Artık büyükelçiler tane ile sayılıyor. 10 tane büyük elçi, 5 patates, 2 patlıcan, 7 kesme şeker…
Olmuyor demek. Promptersiz olmuyor. Ama derdi de bana (bize) düşmedi. Biricik Reislerini promptersiz konuşmak zorunda bırakanlar düşünsün…
Söyleyen benim gibi, sizin gibi sıradan yurttaşlar değil, bu ülkenin koskoca cumhurbaşkanı. Eğer o "Bu 10 tane büyükelçiyi ülkemizde ağırlamak gibi bir lüksümüz olamaz" demişse, ki demiş, bunun devamı gelir, sonuçları olur. En kestirmesi bu 10 tane büyükelçi gerisin geri ülkelerine yollanır. Diploması diliyle söylersek "Persona non grata" yani "istenmeyen kişi" ilan edilirler.
Yani promptersizlik kazası değilse, önümüzdeki günlerde 10 tane büyükelçi yolcu; 10 tane yeni büyükelçi gelecek demektir…
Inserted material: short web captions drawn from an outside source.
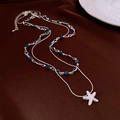 Dettaglio della collana a doppio strato con ciondolo a stella marina e perle blu su velluto - Argento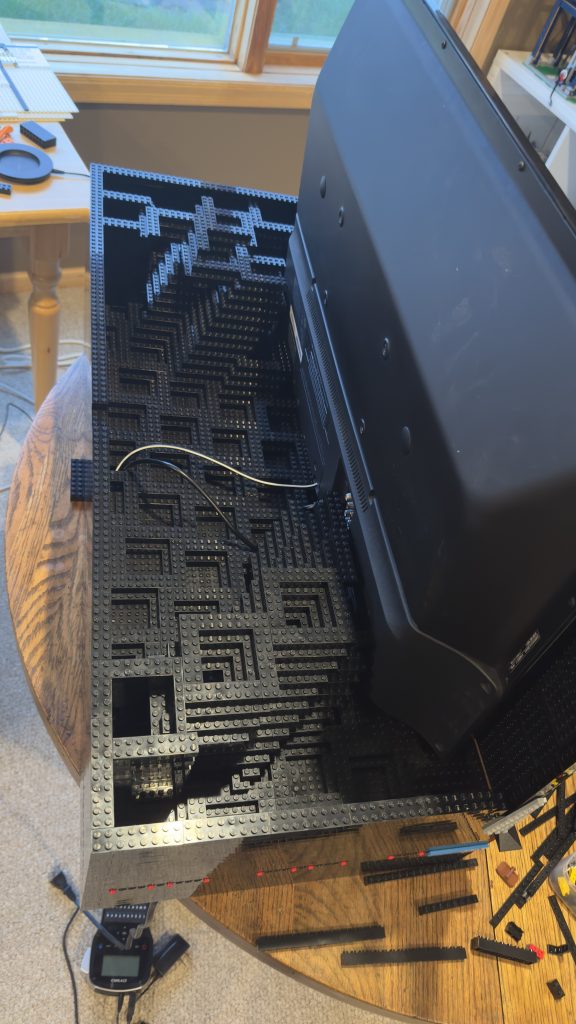 Photo showing the big video display resting nicely inside while I build up the surrounding walls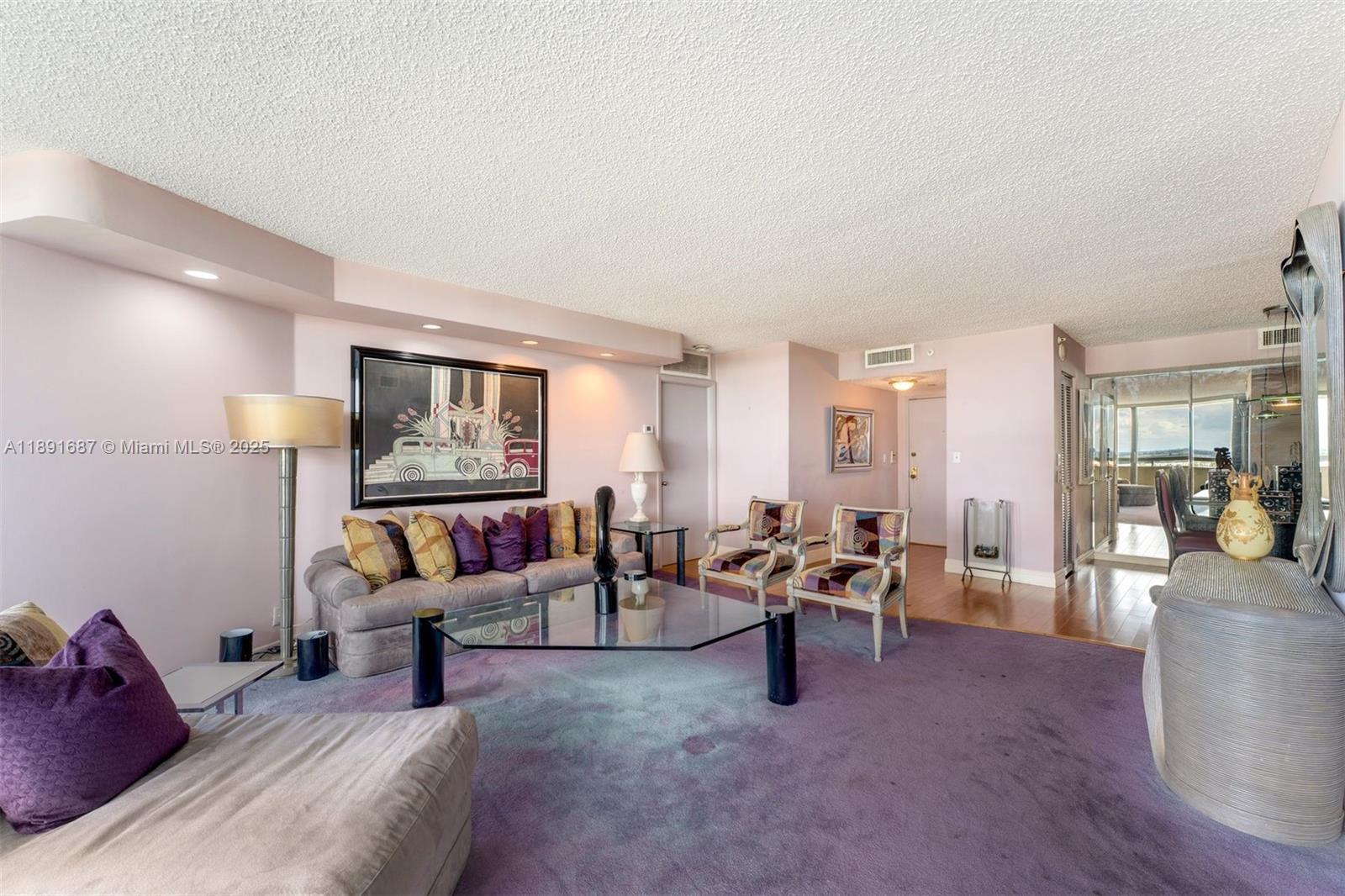 1000 Quayside Terrace, Unit PH9 Miami, FL 33138 - Photo 4 of 27 a living room with furniture and a large window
Gelelim can alıcı paragrafçığa. Yine 10 tane büyükelçiye sesleniyor Reis:
"…Türkiye'ye böyle bir ders vermek haddinize mi sizin? Kimsiniz siz? Neymiş? Kavala'yı bırakın. Sen kendi ülkendeki haydutları, katilleri, teröristleri bırakıyor musun? (…) Konuştuğun zaman sana verecekleri cevap şudur, 'yargı bağımsızdır'. Sizde yargı bağımsız da bizdeki yargı bağımlı mı? Bizdeki yargı, bağımsızlığın en güzel örneklerini veriyor…"
Nihayet ayıldım. Nihayet gerçeği öğrendim. Ben, bunca yıldır yakından tanıdığım Osman Kavala arkadaşımın gezi direnişini finanse etmek, yani parayı bastırıp gezideki gencecik kadın ve erkeklere "Haydi direnişe geçin dediği" filan gibi deli saçması iddialarla suçlandığını düşünüyordum.
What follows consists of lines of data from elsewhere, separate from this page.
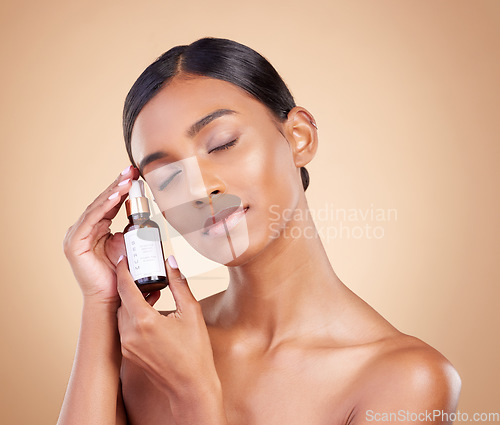 Image of Face serum, eyes closed or model woman in studio on beige background for skincare headshot. Facial, natural beauty or young Indian girl relaxing with essential oils or glowing luxury self care makeup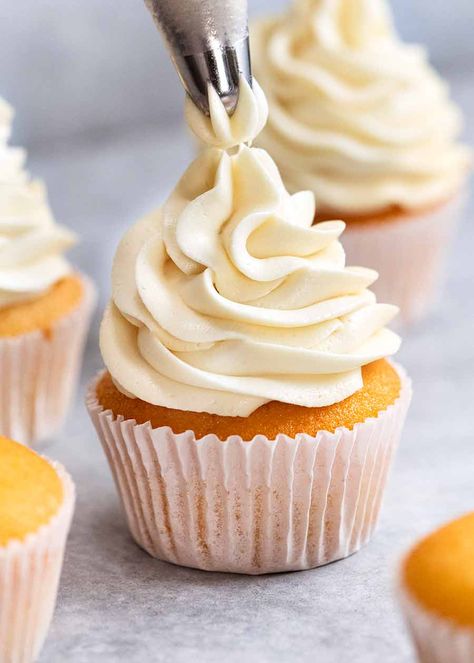 Close up piping Fluffy Vanilla Frosting onto Vanilla Cupcake Fluffy Vanilla Frosting Recipe, Fluffy Vanilla Frosting, Eggless Cupcakes, Vanilla Frosting Recipes, Ermine Frosting, Types Of Frosting, Fluffy Frosting, Easy Frosting, Cake Frosting Recipe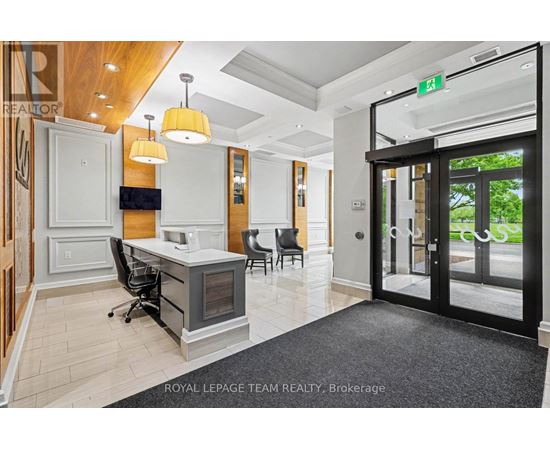 A brokerage office with a desk and chairs.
Yanılmışım. Meğer Osman Kavala'yı tanımıyor muşum. O bir haydut, bir katil, bir terörist imiş.
Kim söyledi?
Bu ülkenin Cumhurbaşkanı, bu ülkenin iktidar partisinin Reisi ve bu ülkenin tek yargıcı söyledi.
Hani "Tek vatan, tek bayrak, tek millet, tek devlet" deniyordu ve sürekli yinelenerek bize ezberletiliyordu ya… Artık ona bir "tek" daha eklendi.
Bundan böyle:
Tek vatan, tek bayrak, tek millet, tek devlet, tek yargıç.
Kavala tutukluymuş, henüz mahkeme hüküm kesmemiş, hakkında AYM'nin, AİHM'in kararları varmış….
Geçiniz.
Tek başına hüküm kesen bir yargıç var artık.
İnandım, bizde yargı sahiden bağımsız.